## What to work on
Only the lines from the one containing "윤소식 대전경찰청장, 여성안전 협업 기관 방문" to the end of the data below belong in the answer, each repeated exactly; no pictures.

## Collected material
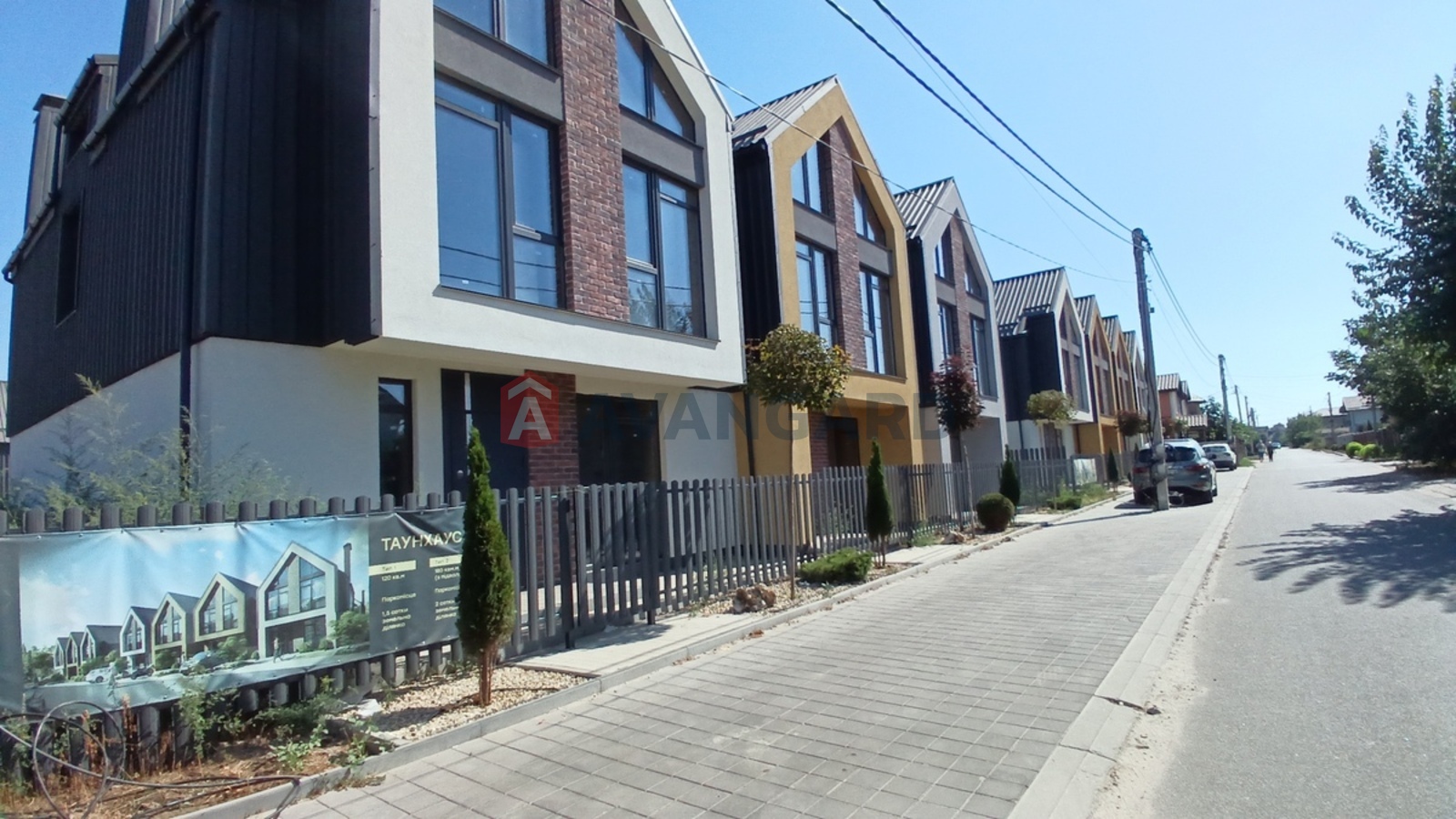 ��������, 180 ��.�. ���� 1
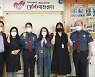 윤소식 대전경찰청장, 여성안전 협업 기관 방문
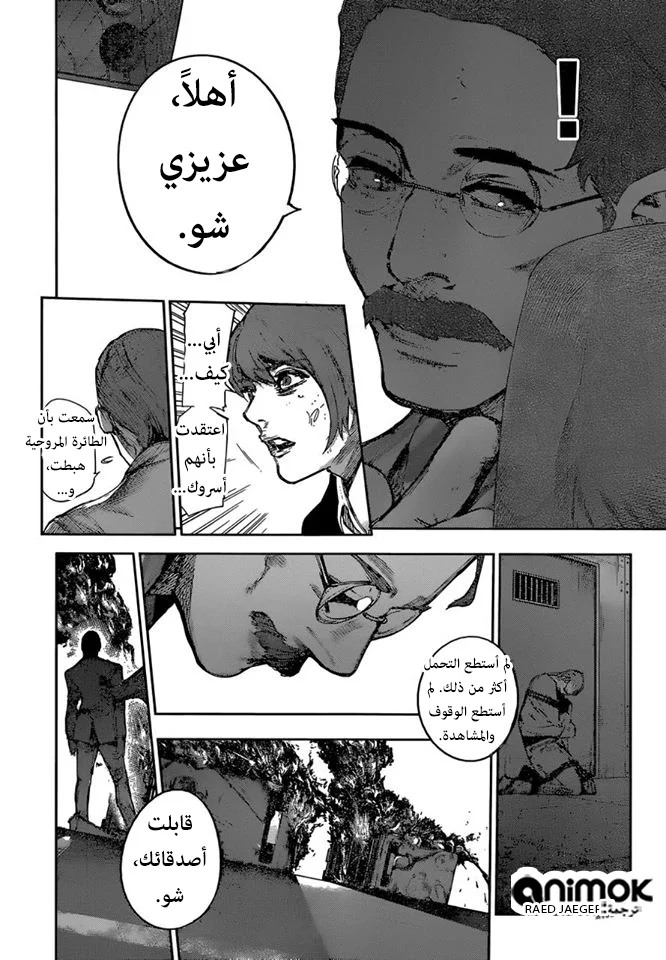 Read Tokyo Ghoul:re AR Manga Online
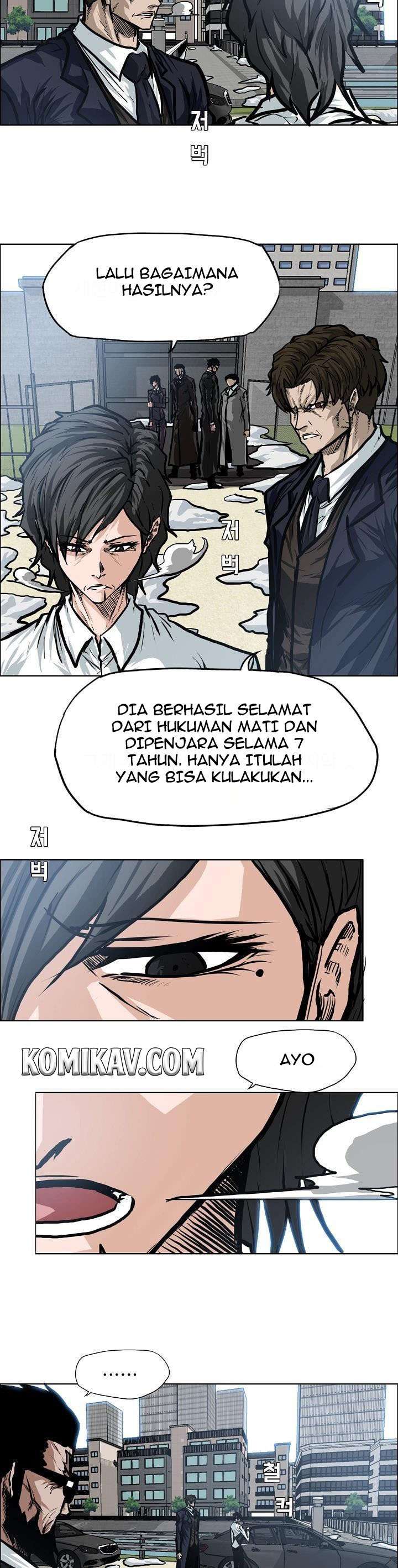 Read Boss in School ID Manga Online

## Finished exercise
 윤소식 대전경찰청장, 여성안전 협업 기관 방문
 Read Tokyo Ghoul:re AR Manga Online
 Read Boss in School ID Manga Online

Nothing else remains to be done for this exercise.